Originally Posted by Ryan1
I find it hard to believe that people still think that they can hear a difference between high-bitrate lossy and lossless, if all other things are equal (such as listening to the identical mix, volume matched).
I guess it's the same people who hear differences between 16 and 24 bits, and who wax poetic about "spacious, wide, detailed sound" from Pass Alephs and Krells compared to other properly performing amps, or can hear the difference between silver and coper speaker wire. Thee wouldn't be a whole "audiophile" industry if such people didn't exist.
Think about it: if in double blind tests people cannot tell the difference between 192kbps AAC and lossless, in stereo and in controlled environment, why do you think they can tell the difference when multiple channels are involved, most carrying ambient sounds, in living rooms where the average noise floor is generally much higher than what you get with a good pair of headphones or in a studio?
It is entirely possible that sometimes the content provider has different mix for streaming than on disk, or that imperceptible differences in amplitude affect one's preferences -- humans perceive as "better" identical track played at as little as 0.1db higher amplitude.
This post is both:
A) Factually inaccurate, NUMEROUS examples exist of people telling the difference between 192 kbps bitrate compressed files and lossless files (see: McGill University Subjective Evaluation of MP3 Compression for Different Musical Genres). The difference is stark. Lines only start to get blurry (law-of-diminishing-returns) for most people when you get to 256 kbps.
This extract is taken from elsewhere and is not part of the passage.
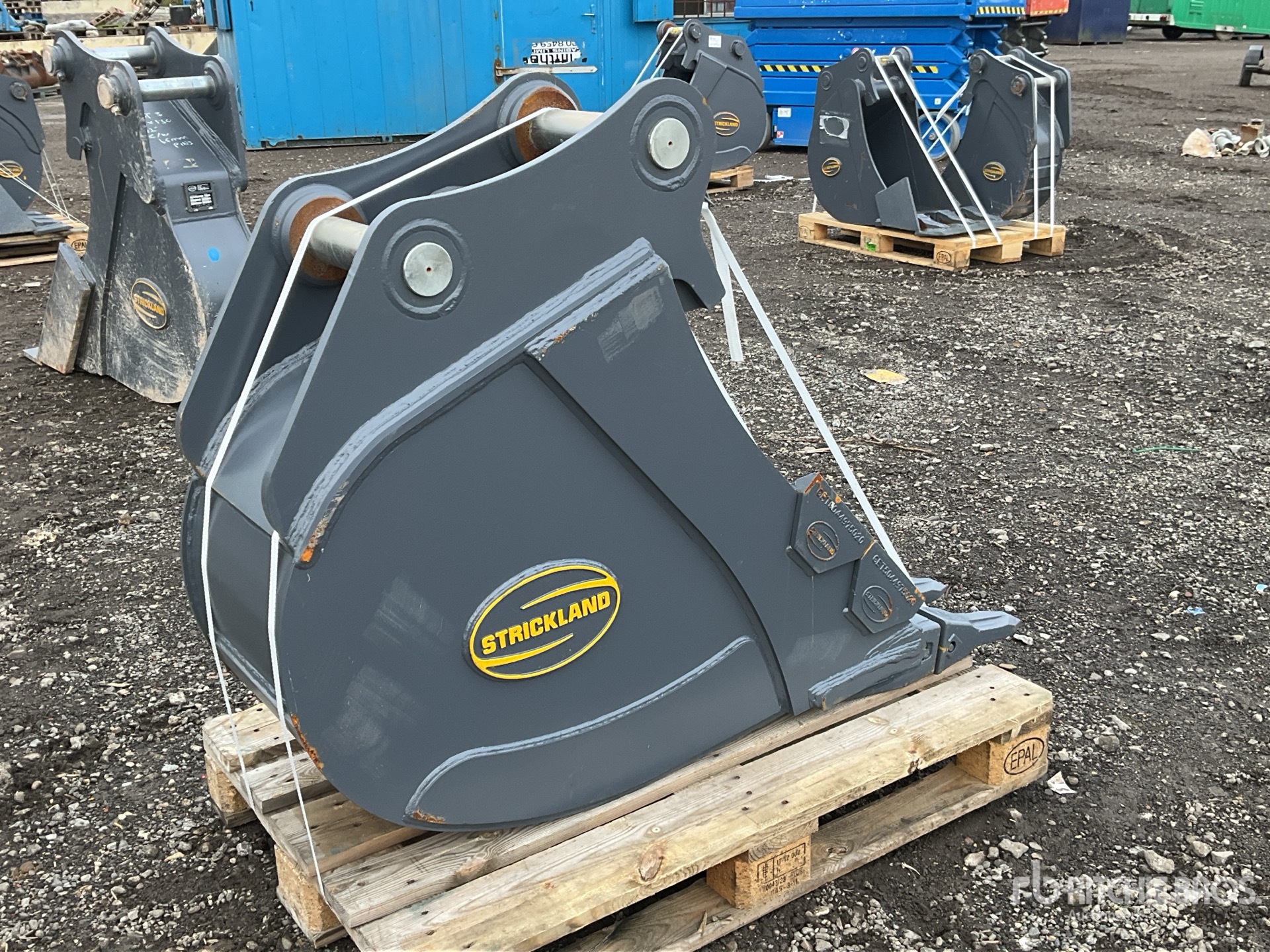 General Appearance with Foto, angolo anteriore sinistro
B) Completely Off-topic and mixing apples and oranges. The part that you many fail to understand while citing various references for 2-channel tests at xyz bitrate is that on the "Networking Media Servers and Content Streaming" forum the topic almost always being discussed is xyz bitrate being split not two but five (or more) ways. If my memory serves me right DVD "Dolby Digital" is 640 kbps being split 5 (not 2) ways... and I believe Netflix uses a much lower bitrate flavoring of Dolby Digital for their streaming these days (and it sounds like it too, to those of us that aren't using soundbars).
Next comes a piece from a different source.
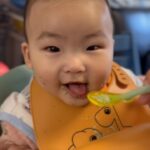 Snow Suen Instagram - 好多媽媽都會問肉肉哥加固食啲乜？ 我每餐都會整蔬菜+蛋白質嘅組合， 再配米糊， 因為米糊啲鐵質夠高， 再用蒸煮機， 一站式搞掂🫶🏻 我自己係用Beaba Baby cook @beaba.hk 有埋內置食譜嗰款～ @mothercarehongkong #就算返工幾忙都堅持自己整 #肉肉哥肚餓到圍兜都食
C) Beyond that, and going back to 2-channel music (again, generally off-topic on this forum, but just to have the discussion), disc space is CAF these days, and I have no idea why so many people worry about/go out of their way justifying why they don't NEED the extra 1's and 0's. If your point is that sampling rates beyond the CD standard of 44.1 kHz is a great big waste of time for everyone in your house except your dog, I don't disagree. But most of the time, when someone goes way out of their way to try to PROVE what others can't hear/are placebo'ing as better sound, it turns out they either don't own/use "better/higher-end equipment" (2-channel music played through a 3-foot wide soundbar they bought for $200 at Best Buy vs. planar magnetic headphones connected to class A amplifiers), or they don't listen to much "well-mastered music that has a lot of dynamic range" (a lot of Red Hot Chili Peppers Californication and not a lot of Norah Jones Come Away With Me), or usually both.
It blows my mind why people spend so much money (many thousands of dollars) on something like a TV or an audio system, and then *pucker* at the idea of (literally) spending a couple dollars (at most) more on the Blu Ray or the CD compared to the HD Digital Download or MP3 digital download... ESPECIALLY when the Blu Ray and CD *come with* the Vudu digital redemption key and the MP3 autorip... seems so incredibly short-sighted to me.
I absolutely hear a difference between both Dolby Digital 5.1 surround and 256 kbps MP3 and Dolby True HD surround and 16-bit/44.1 uncompressed CD on my gear, and I can prove to myself and anyone that wants to administer the A-B test on me at my house... I've done so many times.